### Work instructions
Please transcribe the data exactly as shown, skipping the images.
(Beginning of Data for this task)
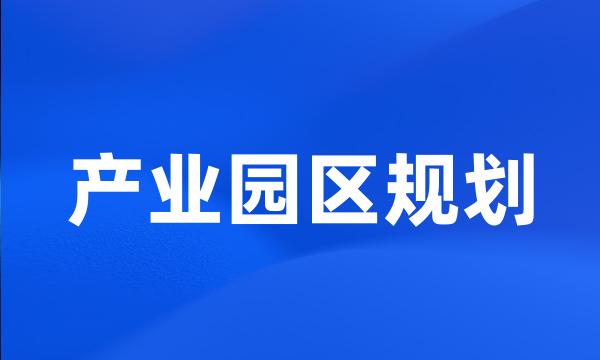 产业园区规划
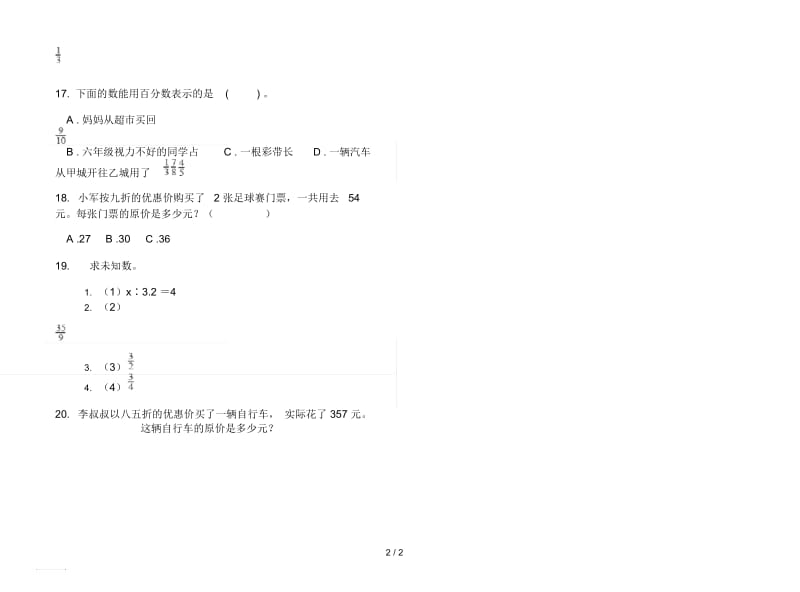 人教版人教版竞赛总复习六年级上册小学数学六单元试卷.docx_第2页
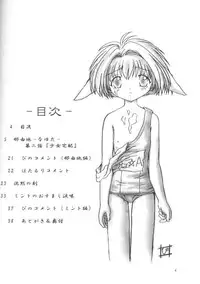 the ADDICTIVE 4 (various)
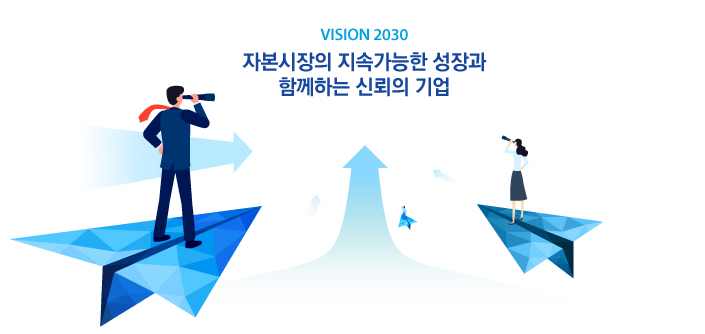 비전 2030 자본시장의 지속가능한 성장과 함께하는 신뢰의 기업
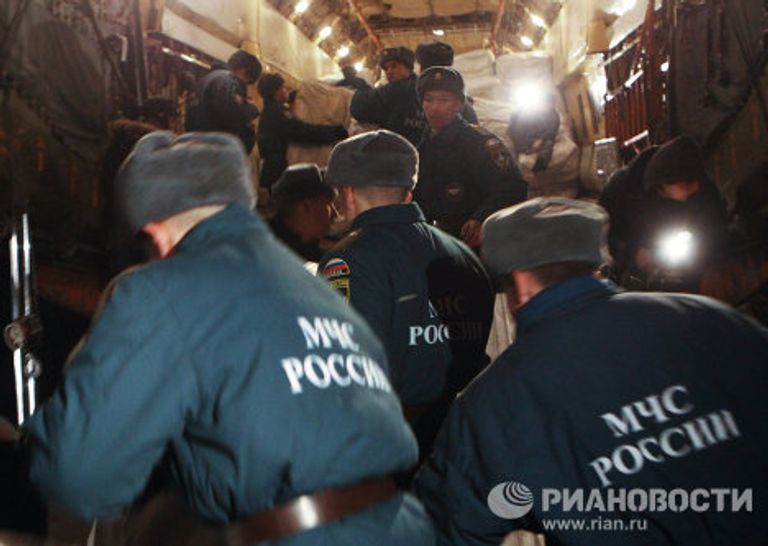 МЧС РФ направляет в Японию первый самолет с гуманитарной помощью МЧС РФ направляет в Японию первый самолет с гуманитарной помощью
(End of Data for this task)
### Completed task
 产业园区规划
 人教版人教版竞赛总复习六年级上册小学数学六单元试卷.docx_第2页
 the ADDICTIVE 4 (various)
 비전 2030 자본시장의 지속가능한 성장과 함께하는 신뢰의 기업
 МЧС РФ направляет в Японию первый самолет с гуманитарной помощью МЧС РФ направляет в Японию первый самолет с гуманитарной помощью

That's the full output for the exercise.